---------- Data to use

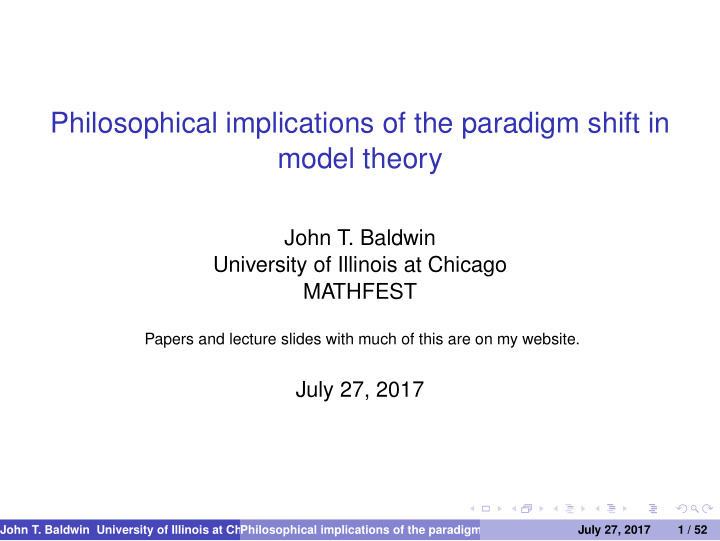 philosophical implications of the paradigm shift in model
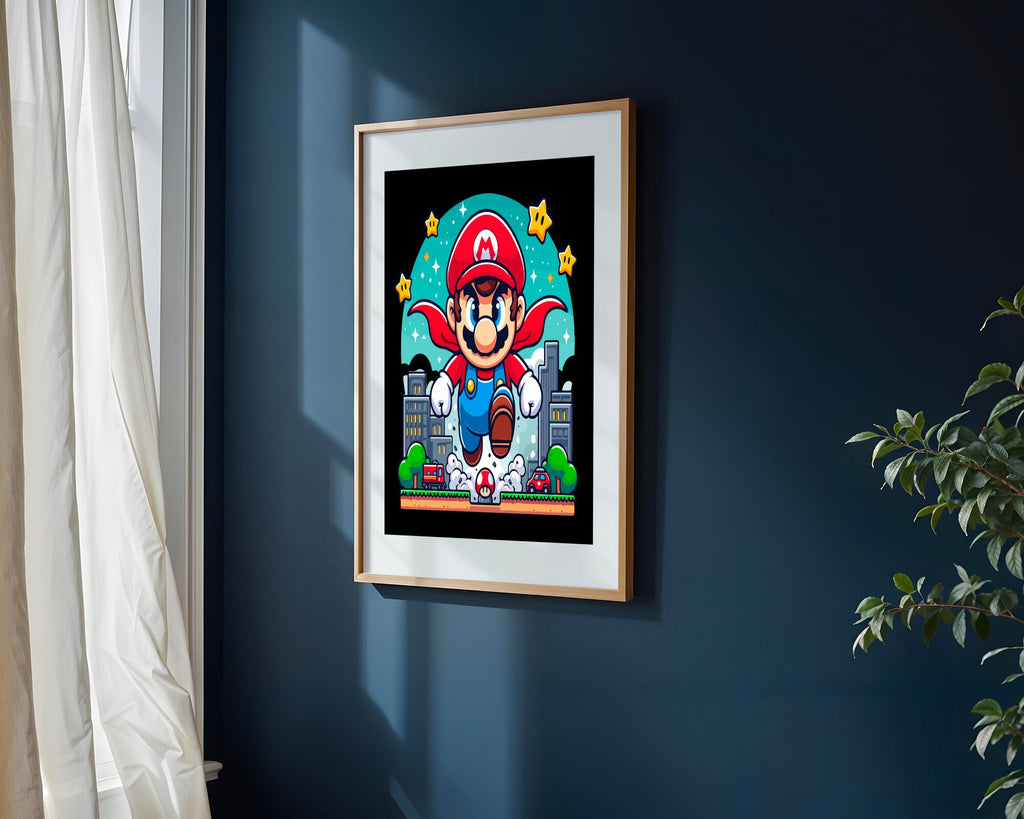 Mario Vuela Sobre la Ciudad | Cuadro decorativo de Monkey Canvas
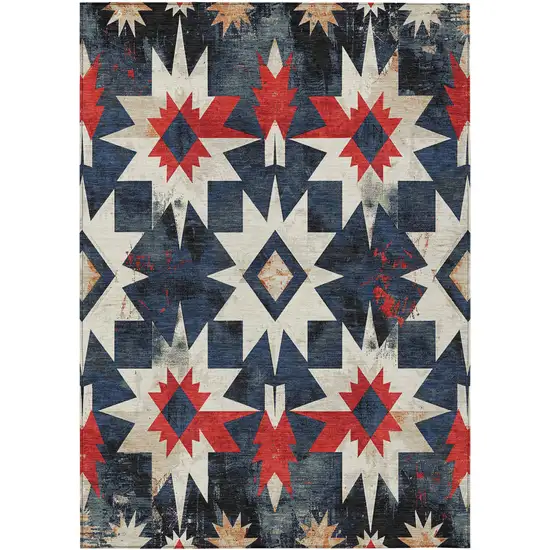 Navy Blue And Red Aztec Washable Indoor Outdoor Area Rug Photo 1
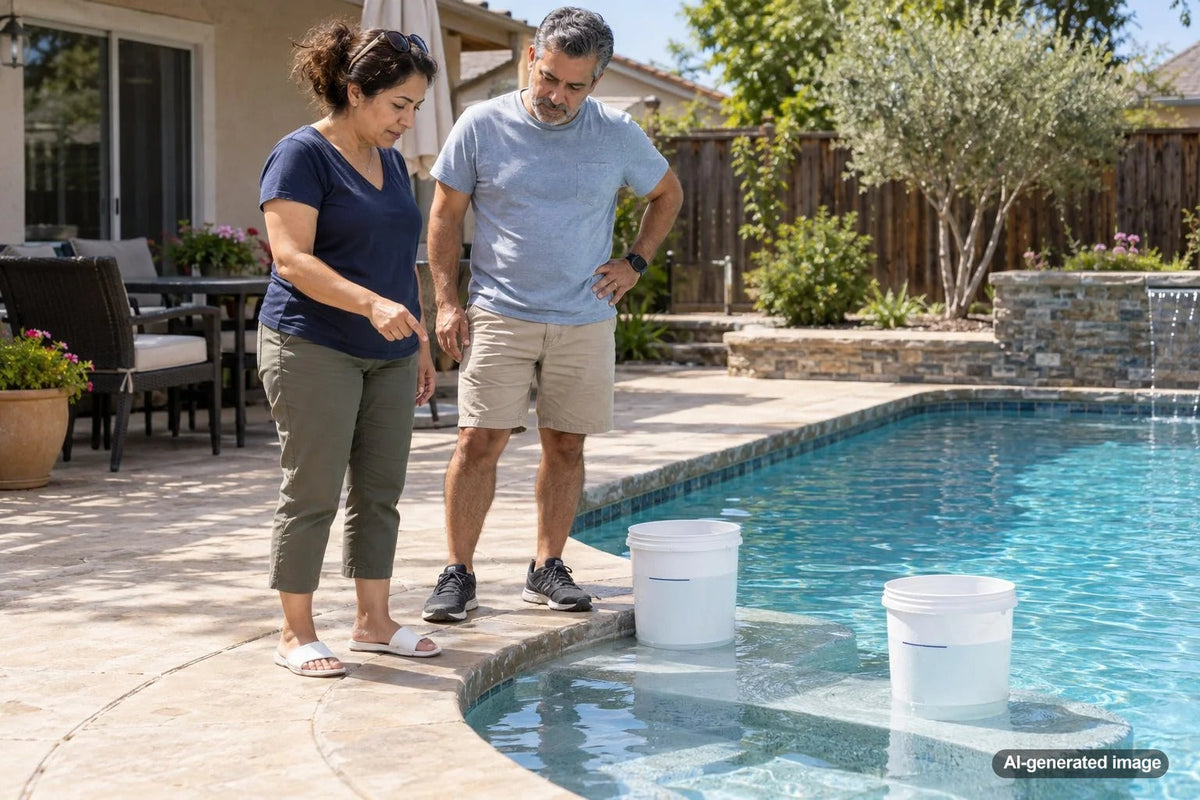 Pool bucket test setup used to compare evaporation and possible pool water loss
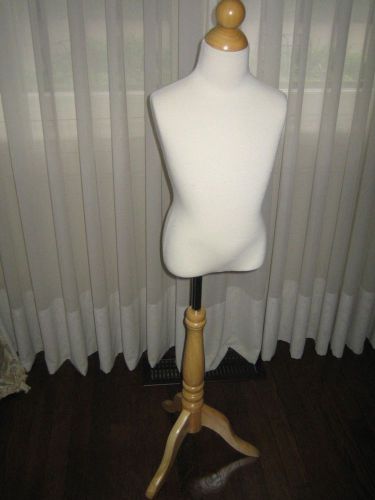 White Female French Mannequin Jersey Dress Form With Natural Tripod Wooden Base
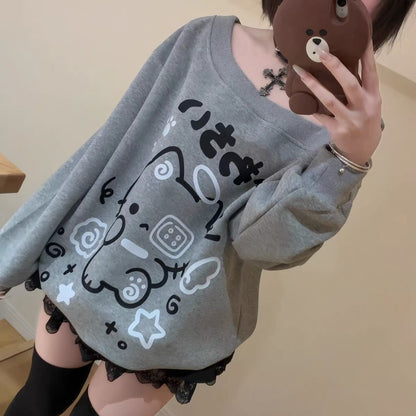 Jirai Kei Kitty Off-Shoulder Long-Sleeve Sweatshirt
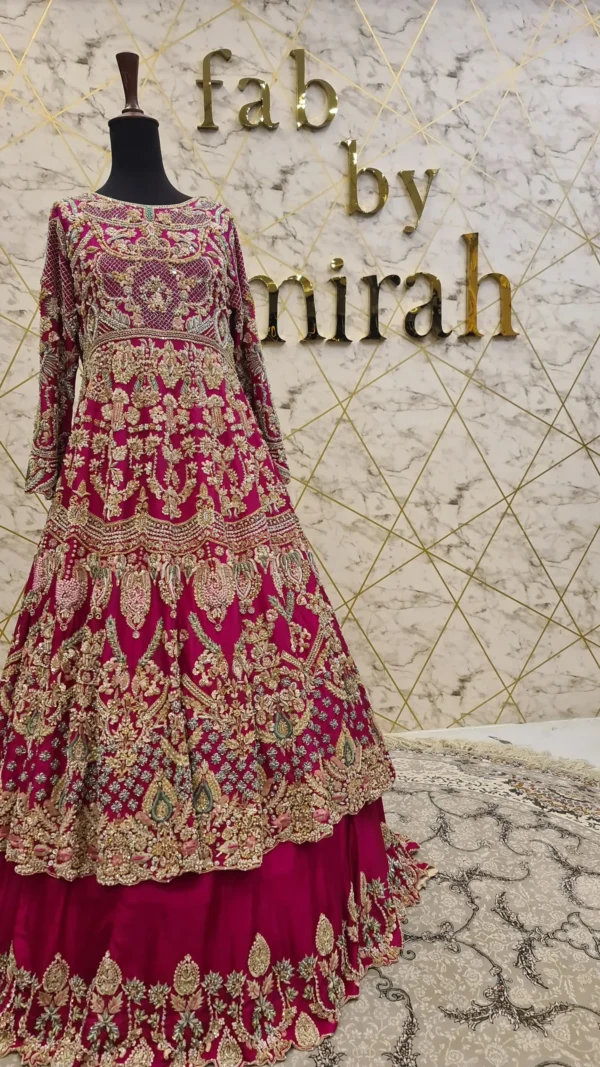 Pink Bridal Walima Dress with Hand Embroidery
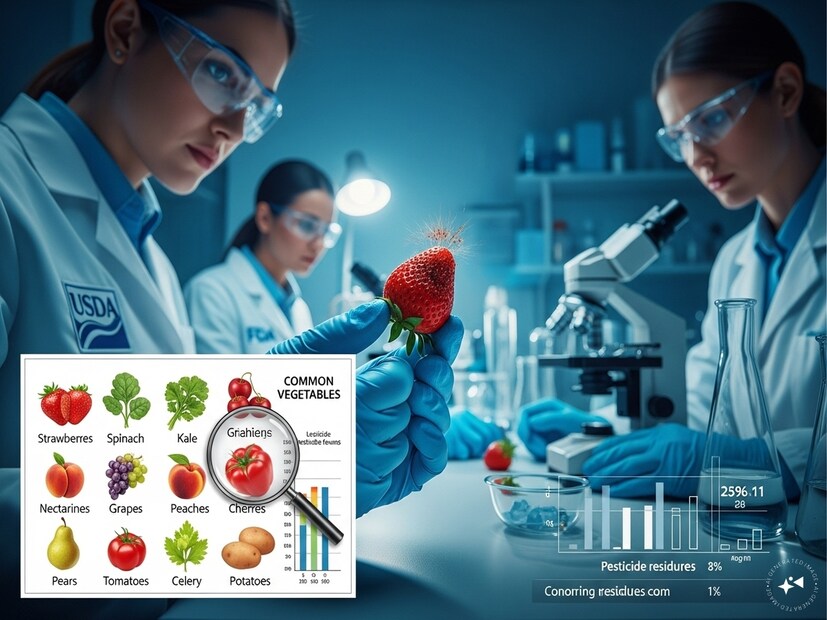 U.S. Department of Agriculture and the Food and Drug Administration-এর তরফে চালানো একটি সমীক্ষা চালানো হয়। ৪৬ রকম বিভিন্ন ফল ও সবজির ৪৬০০০ নমুনা সংগ্রহ করে পরীক্ষা করা হয়। দেখা যায়, এমন ১২ টি ফল ও সবজি রয়েছে, যাদের মধ্যে কীটনাশকের পরিমাণ সবচাইতে বেশি।Image Generated By AI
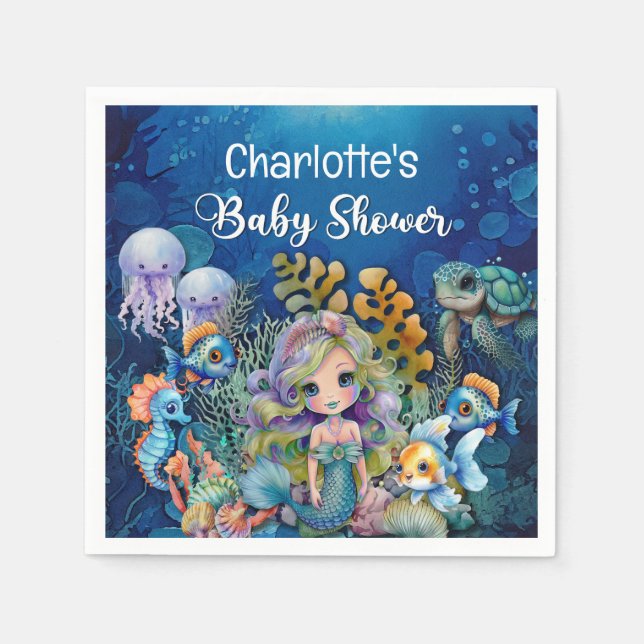 Mermaid Baby Shower Napkin (Front)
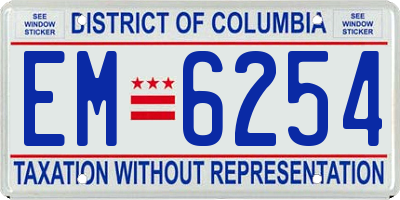 DC license plate EM6254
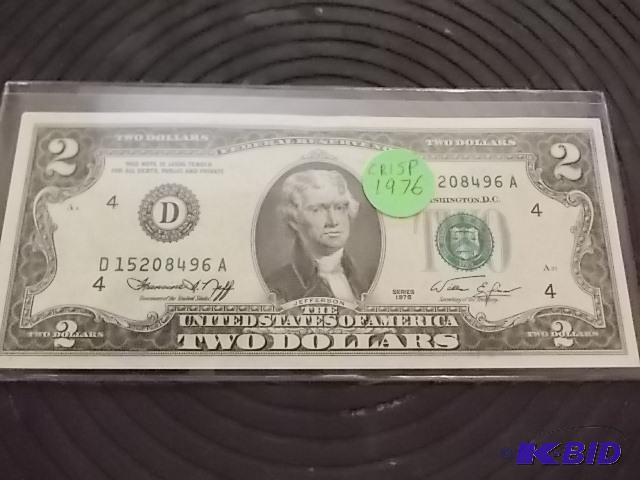 lot 12 image: 1976 Two Dollar Bill...
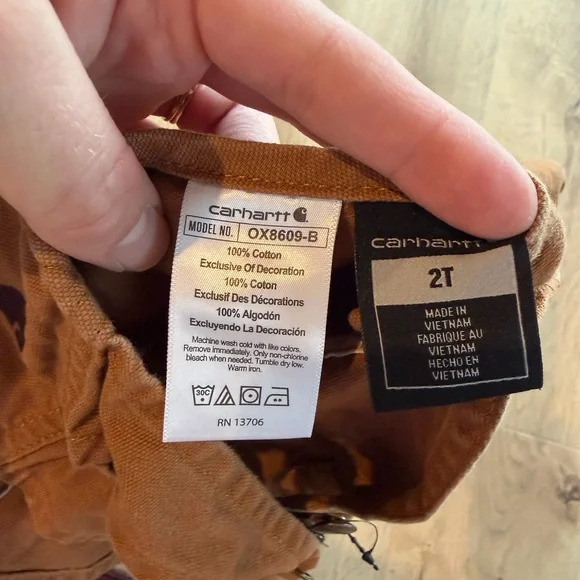 Carhartt Kids Rust/Tan Canvas Overalls - Picture 3 of 3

--------------------

■ **What is expected**
Reproduce the material in its entirety and word for word, without the pictures.

■ **Exercise result**
 philosophical implications of the paradigm shift in model
 Mario Vuela Sobre la Ciudad | Cuadro decorativo de Monkey Canvas
 Navy Blue And Red Aztec Washable Indoor Outdoor Area Rug Photo 1
 Pool bucket test setup used to compare evaporation and possible pool water loss
 White Female French Mannequin Jersey Dress Form With Natural Tripod Wooden Base
 Jirai Kei Kitty Off-Shoulder Long-Sleeve Sweatshirt
 Pink Bridal Walima Dress with Hand Embroidery
 U.S. Department of Agriculture and the Food and Drug Administration-এর তরফে চালানো একটি সমীক্ষা চালানো হয়। ৪৬ রকম বিভিন্ন ফল ও সবজির ৪৬০০০ নমুনা সংগ্রহ করে পরীক্ষা করা হয়। দেখা যায়, এমন ১২ টি ফল ও সবজি রয়েছে, যাদের মধ্যে কীটনাশকের পরিমাণ সবচাইতে বেশি।Image Generated By AI
 Mermaid Baby Shower Napkin (Front)
 DC license plate EM6254
 lot 12 image: 1976 Two Dollar Bill...
 Carhartt Kids Rust/Tan Canvas Overalls - Picture 3 of 3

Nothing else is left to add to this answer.